论文:2023,Vol:41,Issue(2):409-418
引用本文:
郭林, 刘飞, 李佳钰, 何佩, 李清东, 王继维, 郭阳明. 基于能量管理策略的太阳能无人机航迹跟踪控制[J]. 西北工业大学学报
GUO Lin, LIU Fei, LI Jiayu, HE Pei, LI Qingdong, WANG Jiwei, GUO Yangming. Path tracking control of solar-powered UAV based on energy management strategy[J]. Journal of Northwestern Polytechnical University

基于能量管理策略的太阳能无人机航迹跟踪控制
郭林1,2, 刘飞3, 李佳钰4, 何佩1, 李清东3, 王继维1, 郭阳明1
1. 西北工业大学 计算机学院, 陕西 西安 710072;
2. 中国航天空气动力技术研究院, 北京 100074;
3. 北京航空航天大学 自动化科学与电气工程学院, 北京 100191;
4. 西北工业大学 伦敦玛丽女王大学工程学院, 陕西 西安 710072
摘要:
协调高空长航时太阳能无人机的高空作业任务与长期能源利用效率之间的冲突,是无人机控制的核心问题之一。基于太阳能无人机的能量获取、储存与消耗存在紧密的耦合关系,提出了一种综合能量管理策略和航迹跟踪控制的方法。基于建立的太阳能无人机三维质点运动模型、储能电池模型以及太阳能获取模型,根据太阳能无人机的气动参数以及太阳能无人机典型的平飞、爬升、下降等运动过程,设计了太阳能无人机能量管理策略,确定了太阳能无人机在不同飞行阶段能量获取、存储与消耗的分配机制及最优飞行参数;利用重力势能储存多余太阳能,进而进行基于高度调整的能量管理,实现对太阳能无人机在不同光照和能量状态下的纵向跟踪控制。同时,结合太阳能无人机横侧向运动的任务要求,通过对太阳能无人机的质点动力学方程进行解耦,建立了基于反馈线性化方法航迹跟踪控制方法,实现太阳能无人机在横侧向的航迹跟踪控制。24 h时间闭合仿真表明,该方法可满足储能电池的最低能量剩余要求以及航迹跟踪控制要求。

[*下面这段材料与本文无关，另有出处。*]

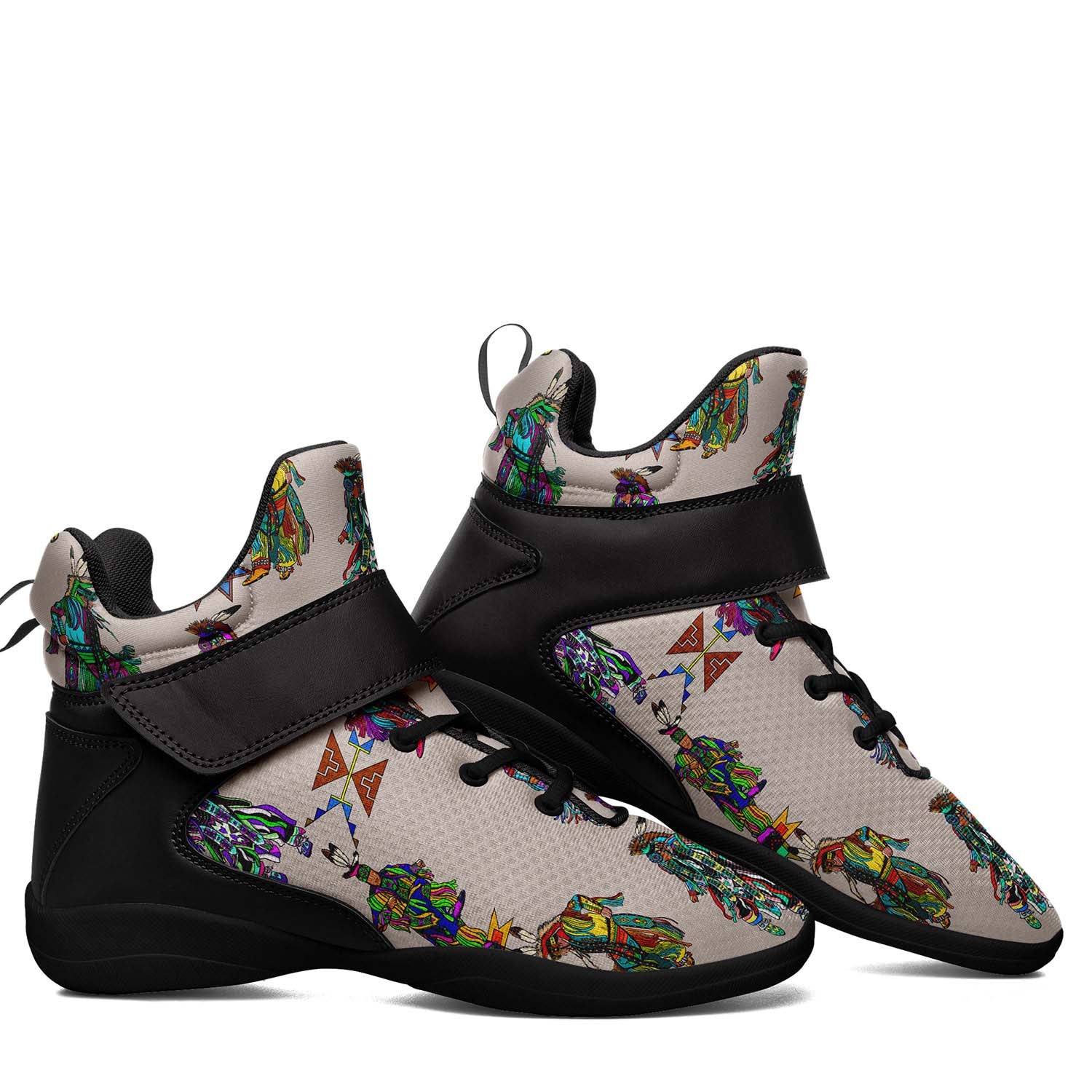 Men's Grass Dancers Muslin Ipottaa Basketball / Sport High Top Shoes - Black Sole
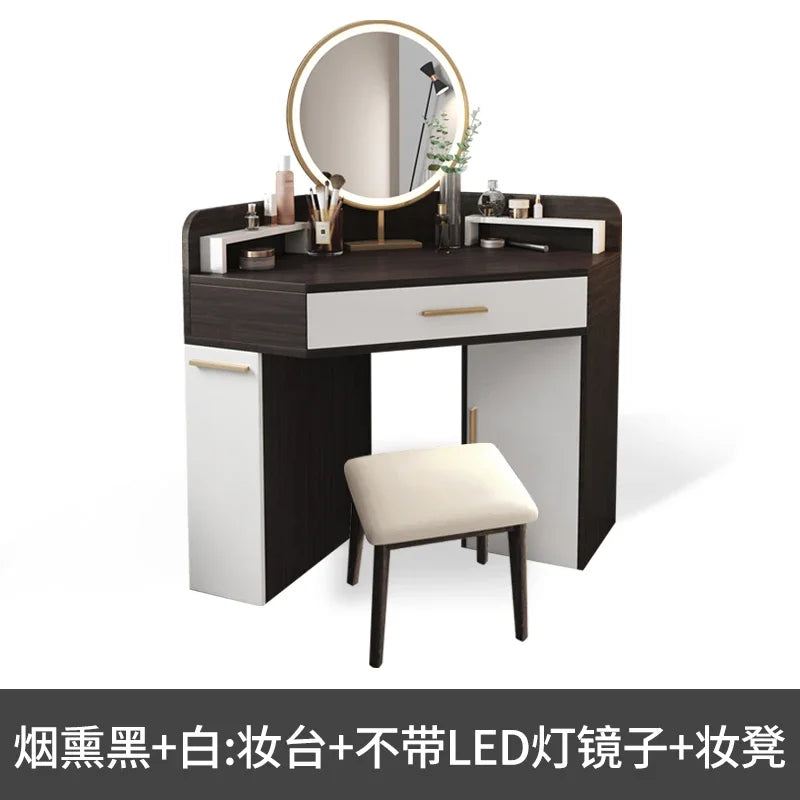 Corner Dressing Table Modern Minimalist Bedroom Corner Simple Makeup Table Multifunctional Dresser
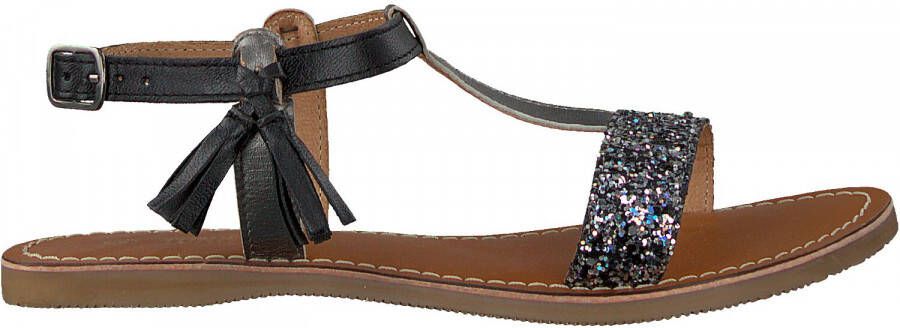 Ton & Ton Zwarte Sandalen Il112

关键词:    太阳能无人机    能量管理策略    航迹跟踪    反馈线性化   
Path tracking control of solar-powered UAV based on energy management strategy
GUO Lin1,2, LIU Fei3, LI Jiayu4, HE Pei1, LI Qingdong3, WANG Jiwei1, GUO Yangming1
1. School of Computer Science, Northwestern Polytechnical University, Xi'an 710072, China;
2. China Academy of Aerospace Aerodynamics, Beijing 100074, China;
3. School of Automation Science and Electrical Engineering, Beihang University, Beijing 100191, China;
4. Queen Mary University of London Engineering School, Northwestern Polytechnical University, Xi'an 710072, China
Abstract:
To coordinate the conflict between the high-altitude task and long-term energy efficiency of high-altitude long endurance solar UAV, it is one of the core issues of UAV control. A strategy combining the energy management with the route tracking is presented. Firstly, based on the three-dimensional particle motion model, energy storage battery model and solar energy acquisition model for the solar UAV, according to the aerodynamic parameters of the solar UAV and the typical horizontal flight, climb, descent and other motion processes of the solar UAV, the energy management strategy of the solar UAV is designed, and the allocation mechanism and optimal flight parameters of the energy acquisition, storage and consumption of the solar UAV in different flight stages are determined. The surplus solar energy is stored by using the gravitational potential energy, and then the energy management based on height adjustment is carried out to realize the longitudinal tracking control of the solar UAV under different lighting and energy conditions. Then based on the task requirements of the lateral movement of the solar UAV, a track tracking control method based on the feedback linearization method is established by decoupling the particle dynamics equation of the solar UAV, and the track tracking control of the solar UAV in the lateral direction is realized. Finally, a simulation throughout 24 hours is implemented and illustrated the effectiveness of the energy management strategy and route tracking control law.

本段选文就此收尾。